─── The data ───

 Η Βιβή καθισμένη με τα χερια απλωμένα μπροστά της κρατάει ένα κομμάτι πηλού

───
─── The data ───

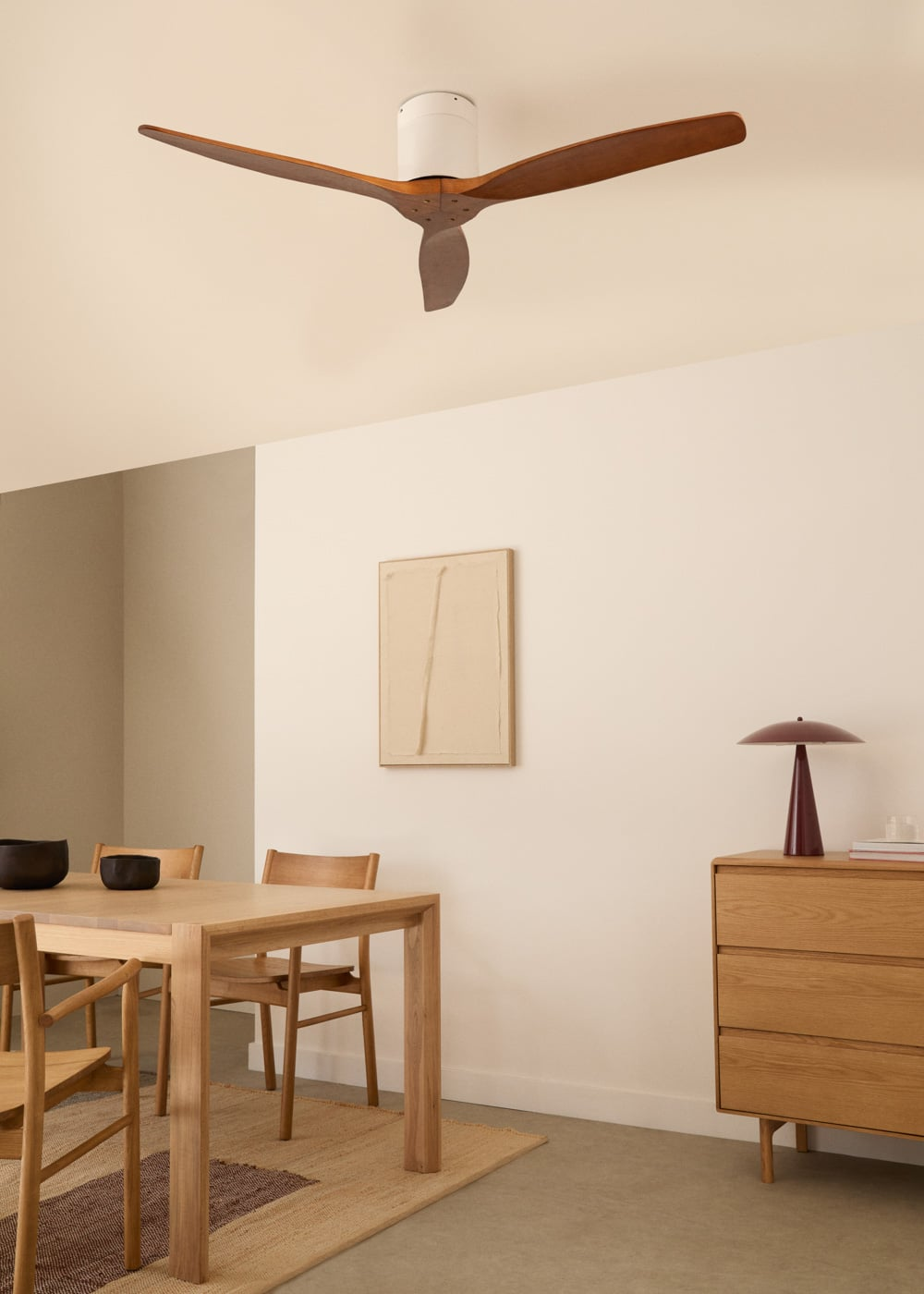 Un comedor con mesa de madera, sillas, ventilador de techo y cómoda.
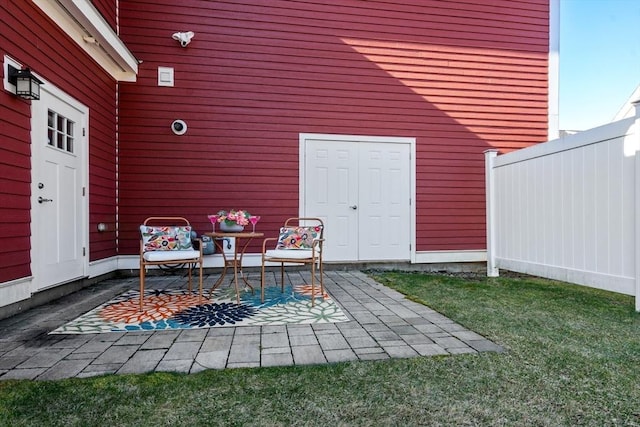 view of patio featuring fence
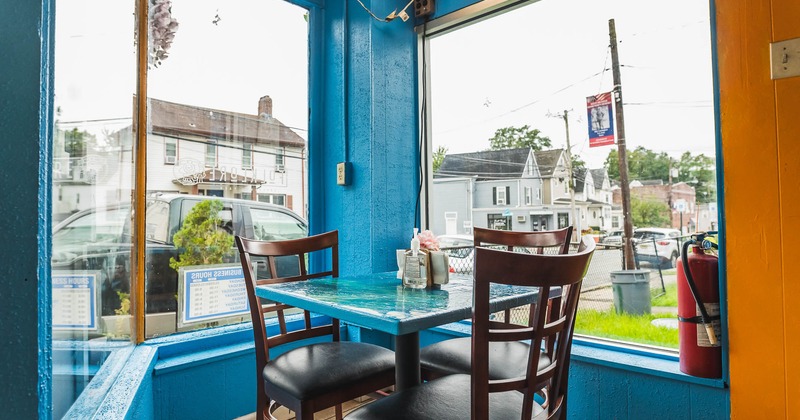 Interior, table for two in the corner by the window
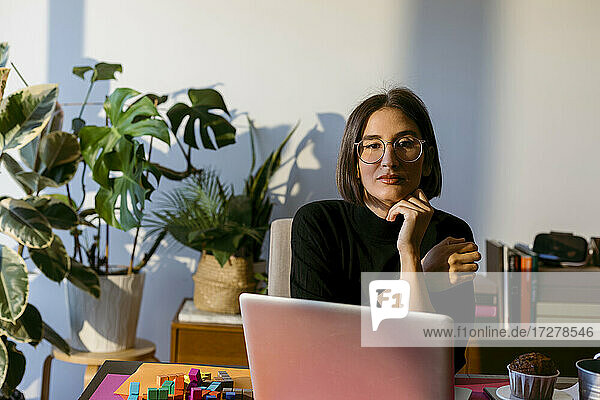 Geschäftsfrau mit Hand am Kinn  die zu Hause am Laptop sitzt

───

**Work order:** Working from the entries above, reproduce exactly and only the lines beginning with the line that has "Interior, table for" and ending with the line that has "Geschäftsfrau mit Hand"; omit all pictures.

**Task solution:**
 Interior, table for two in the corner by the window
 Geschäftsfrau mit Hand am Kinn  die zu Hause am Laptop sitzt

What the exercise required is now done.